2018 has been a year of feeling knee deep in the funk of our current political climate. Just when you thought nothing could get any worse, another story would unfold, making yet another stain in the fabric of our society. Out of this chaos always comes an artful depiction from artists all over the globe. February was when I felt the urge to go to my small corner of the universe, and create a piece for dancer, Heidi Sutherland. The solo we created, It’s Easy To Drown, was created and taped in Brooklyn at Triskelion Arts, then went on to be performed at the Ailey Citigroup Theater in KoDaFe in June. Heidi soared in her performance reaching new heights with her incredible technique and talent. See more of Heidi here.
Putting one foot in front of the other, I imagined how I might allow for a catharsis of the angst I was feeling about the Trump Administration. The collective sludge that started a mud slide of turmoil was gradually pushing me toward making a short film. My ideas came together in an array of scenes crafted for four dancers on a oven-hot day in July, back again at Triskelion Arts. Lights, camera, action and with no time to polish, the footage we got that day went in the can, as the guts to my new film entitled, “Something Fake.” With fits and starts to schedules and then my editor moving, the process of editing was as slow as molasses. Being a Jiffy Mix choreographer, it took all the patience I could muster to work on this project only here and there; however, I’m happy to announce that the premiere will be very soon!

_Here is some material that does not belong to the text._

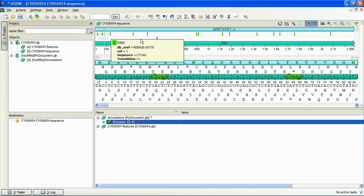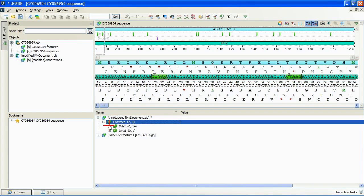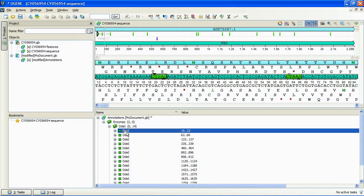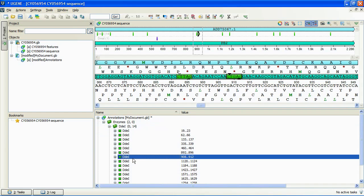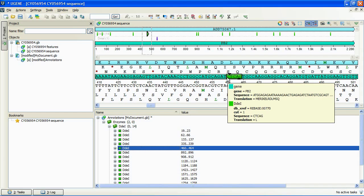Let's select some enzyme from the Annotations Editor. We can see it selected at both Panoramic and Detailed view. We also see two triangles near it at the Detailed view. They represent the enzyme cut sites.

My catharsis continued into late summer when I created a site specific work at the Halibut State Park in Rockport, MA. This time, my dancer-self came out to play, as serendipity met nature in three hours of improvisation, in the most beautiful place in New England. Footage from this day is on the back-burner, but the cooling effect of finding my peace is seen in these stills.
Fall went a little weirder and far from nature as I went into the studio again, making a piece that should’ve been premiered on Halloween, but ended up making its debut in November — again back in Brooklyn at Triskelion Arts. That theater has my footprints all over it, and I’m grateful for the tab not being too steep. Somewhere amidst the #MeToo Movement and the tumult of our times, came a dance trilogy hinting at a darker shade of pale. Coaching the dancers to find their own meaning within the work paid off, as each of them told their own inner story. In fact, I titled the piece, “Short Story.” It begins with a duet, goes into a solo, then ends with a trio– all of which were performed with fierce commitment to the movement. They sweat through several rehearsals before knowing what it all meant, but in the long-run, it’s up for interpretation — the ending, however, leaves no doubt about man’s evil spirit.
So, as the political scene continues to shred all sense of balance, and 2018 comes to a close, I find my strength in dance and the dancers that makes it all happen. It’s in their fluidity, their power, and their artistry that allows me to go knee deep into the magic of dance — and at least for the moment, helps me to rise above it all!